Riche d’enseignements, cette première étude du site de Cabrières a fait l’objet d’une publication scientifique, le 9 février dernier, dans la revue Nature Ecology and Evolution. « Cette publication constitue un nouveau point de départ pour nos recherches », fait savoir Bertrand Lefebvre. Plusieurs énigmes restent en effet à élucider.

« Nous devons reconstituer la “scène du crime”, sourit le paléontologue, pour savoir exactement ce qu’il s’est passé. Autrement dit, définir quel était précisément l’environnement des spécimens que l’on a trouvés et, surtout, comment ils ont pu rester en parfait état de conservation, bien que nous ayons déjà quelques indices. » Et Bertrand Lefebvre d’annoncer : « On va attaquer le dur désormais. »

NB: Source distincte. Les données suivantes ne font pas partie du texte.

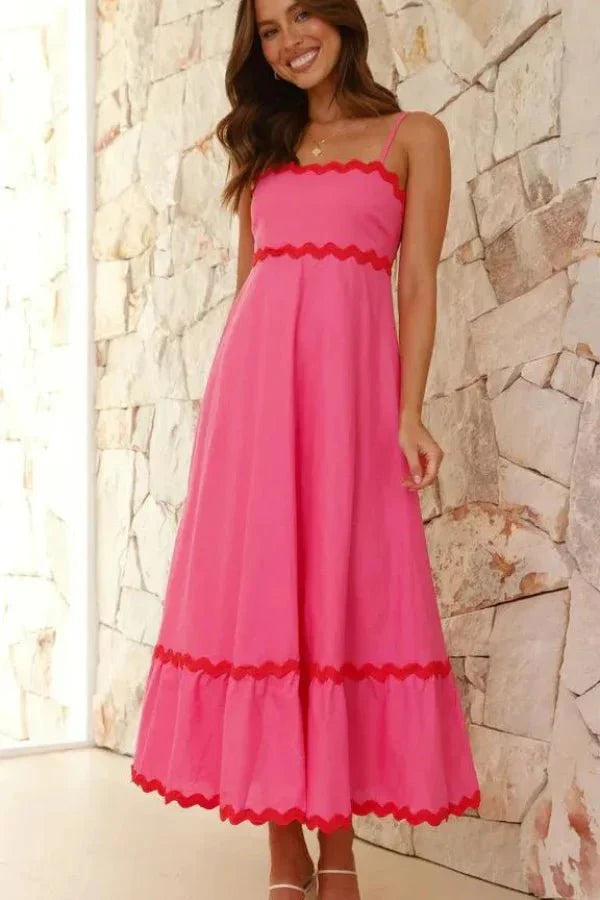 Model wearing the Kouvr Amillia pink scalloped maxi dress in front of a stone wall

Pour Éric et Sylvie, cosignataires de l’étude, l’aventure ne s’arrête pas là pour autant. « Nous avons encore des découvertes à faire », avance Sylvie. « On va continuer à fouiller. Peut-être que l’on trouvera des fossiles plus complets, voire de nouvelles bêtes », ajoute Éric. Quoi qu’il en soit, un autre travail de longue haleine les attend, dans un futur plus ou moins proche : transmettre leur passion de la paléontologie à la nouvelle génération. « Avec la découverte de Cabrières, on espère voir surgir un ou plusieurs jeunes intéressés… », confient-ils.